Note: I am planning to use the MemoryCache in a long running windows service so it is critical for it to have proper memory management.
It's for when we have used data in our application or some time after, you have to remove the cache data from our system, then we can use it. This is used for data outside of the cache, like if you saved the data in a file or database and then want to use it in our application.
Well, according to the topic of the question, best way to avoid out of memory exception would be not to create objects that fill in that memory. Then you can calculate the length of your queue based on estimate of one object memory capacity. Another way would be to check for memory size in each worker thread.
2. In ASP.NET Core Memory Cache, is the GetOrCreate method thread-safe? Alastair: Yes it is, but this is an area that always seems to trip up developers using it for the first time when they get unexpected results like yours.
Memory caching (often simply referred to as caching) is a technique in which computer applications temporarily store data in a computer's main memory (i.e., random access memory, or RAM) to enable fast retrievals of that data. The RAM that is used for the temporary storage is known as the cache.
You are working with very large sets of data (such as arrays, collections, or database data sets) in memory. When data structures or data sets that reside in memory become so large that the common language runtime is unable to allocate enough contiguous memory for them, an OutOfMemoryException exception results.

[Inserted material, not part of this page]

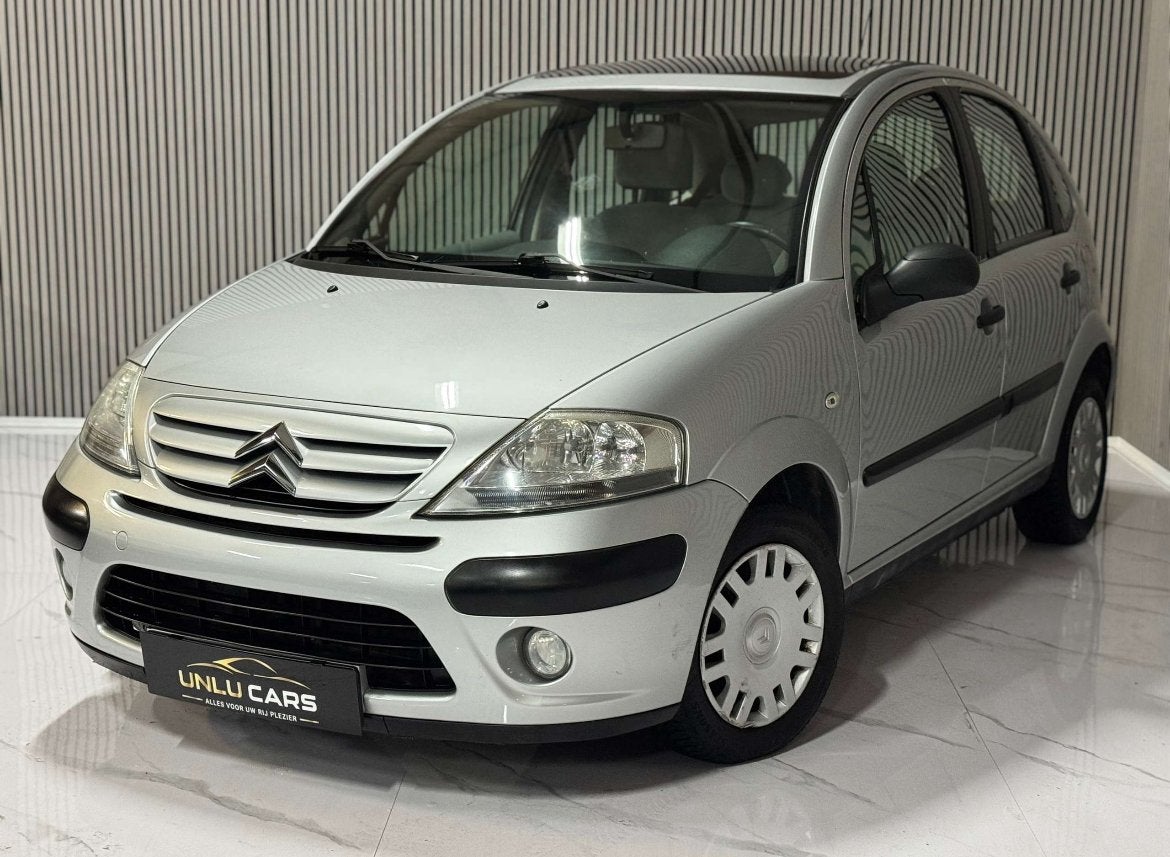 CITROEN C3, Auto's, Stof, 4 cilinders, Bedrijf, Parkeersensor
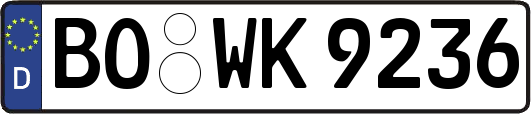 BO-WK9236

The first parameter is the key of the cache entry. The second parameter is the value of the cache entry. The third parameter is the cache item policy of the cache entry. Here is an example of how to add data in the memory cache.
MemoryCache has a background thread that periodically estimates how much memory the process is using and how many keys are in the cache. When it thinks you are getting close to the cachememorylimit, it will Trim the cache.

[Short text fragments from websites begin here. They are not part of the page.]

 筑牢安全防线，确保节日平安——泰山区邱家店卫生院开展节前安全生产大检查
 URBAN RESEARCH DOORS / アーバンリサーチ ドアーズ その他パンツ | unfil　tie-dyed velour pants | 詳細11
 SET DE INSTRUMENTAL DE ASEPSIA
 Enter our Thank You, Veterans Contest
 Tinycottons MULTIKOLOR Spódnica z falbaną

Here is an example of how to set data in the memory cache. The first parameter is the key of the cache entry. The second parameter is the value of the cache entry. The third parameter is the cache item policy of the cache entry. The first parameter is the key of the cache entry. The second parameter is the value of the cache entry.

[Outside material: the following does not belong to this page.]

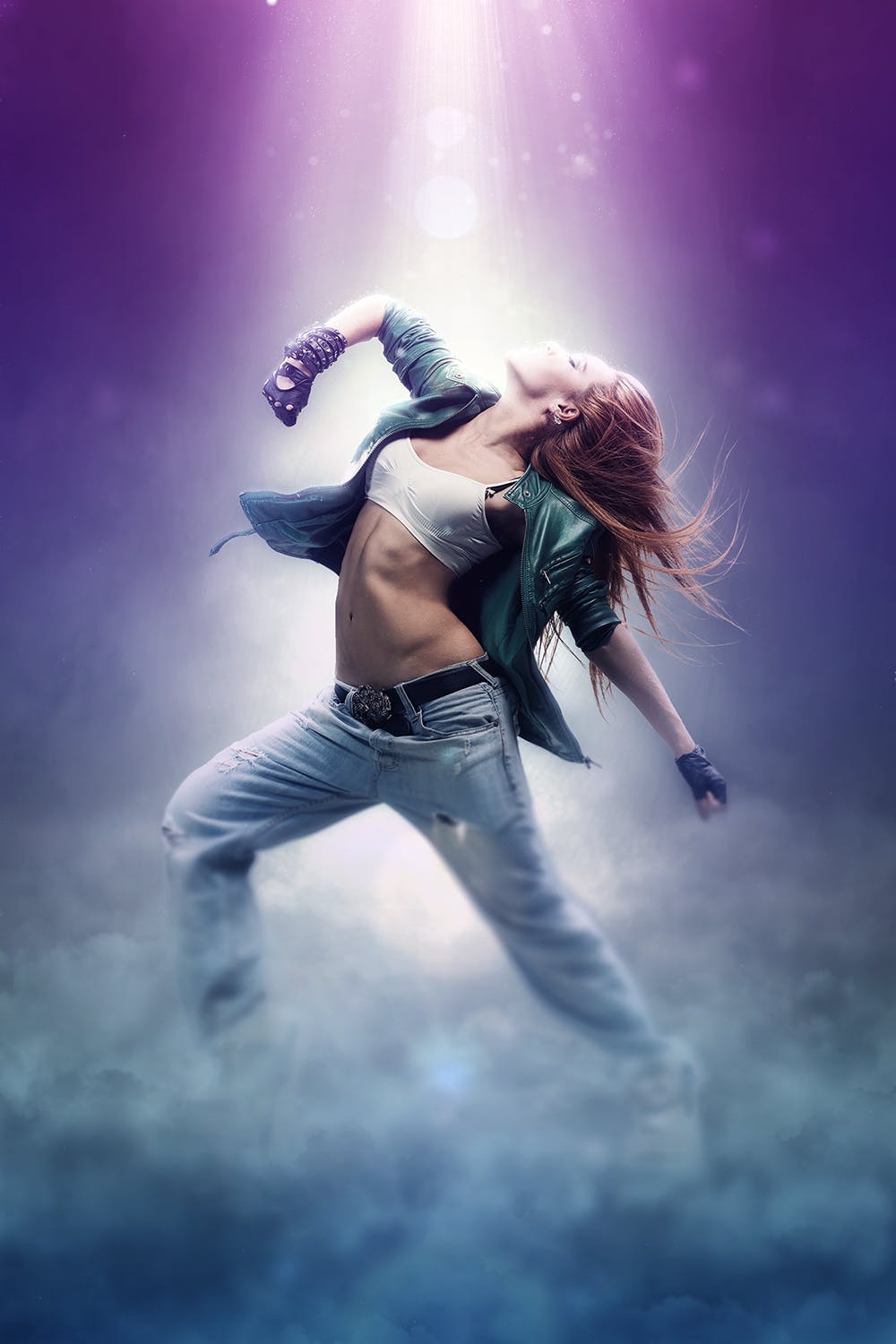 梦幻云/烟雾效果PS动作 Fantasy Clouds CS3+ Photoshop Action插图(5)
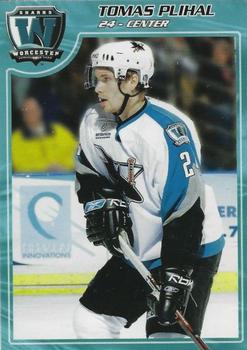 2006-07 Saint Vincent Hospital Worcester Sharks (AHL) #NNO Tomas Plihal Front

MemoryCache has a background thread that periodically estimates how much memory the process is using and how many keys are in the cache. When it thinks you are getting close to the cachememorylimit, it will Trim the cache. Each time this background thread runs, it checks to see how close you are to the limits, and it will increase the polling frequency under memory pressure.
If you add items very quickly, the background thread doesn't have a chance to run, and you can run out of memory before the cache can trim and GC can run (in a x64 process this can result in massive heap size and multi minute GC pauses). The trim process/memory estimation is also known to have bugs under some conditions.
If your program is prone to out of memory due to rapidly loading an excessive number of objects, something with a bounded size like an LRU cache is a much better strategy. LRU typically uses a policy based on item count to evict the least recently used items.
I wrote a thread safe implementation of TLRU (a time aware least recently used policy), that you can easily use as a drop in replacement for ConcurrentDictionary.
It's available on Github here: https://github.com/bitfaster/BitFaster.Caching
Install-Package BitFaster.Caching
Using it would look like something this for your program, and it will not run out of memory (depending on how big your files are):
class Program
{
static void Main(string[] args)
{
int capacity = 80;
TimeSpan timeToLive = TimeSpan.FromMinutes(5);
var lru = new ConcurrentTLru<int, byte[]>(capacity, timeToLive);
for (int i = 0; i < 100000; i++)
{
var value = lru.GetOrAdd(1, (k) => System.IO.File.ReadAllBytes("File.txt"));
}
Console.ReadLine();
}
}
If you really want to avoid running out of memory, you should also consider reading the files into a RecyclableMemoryStream, and using the Scoped class in BitFaster to make the cached values thread safe and avoid races on dispose.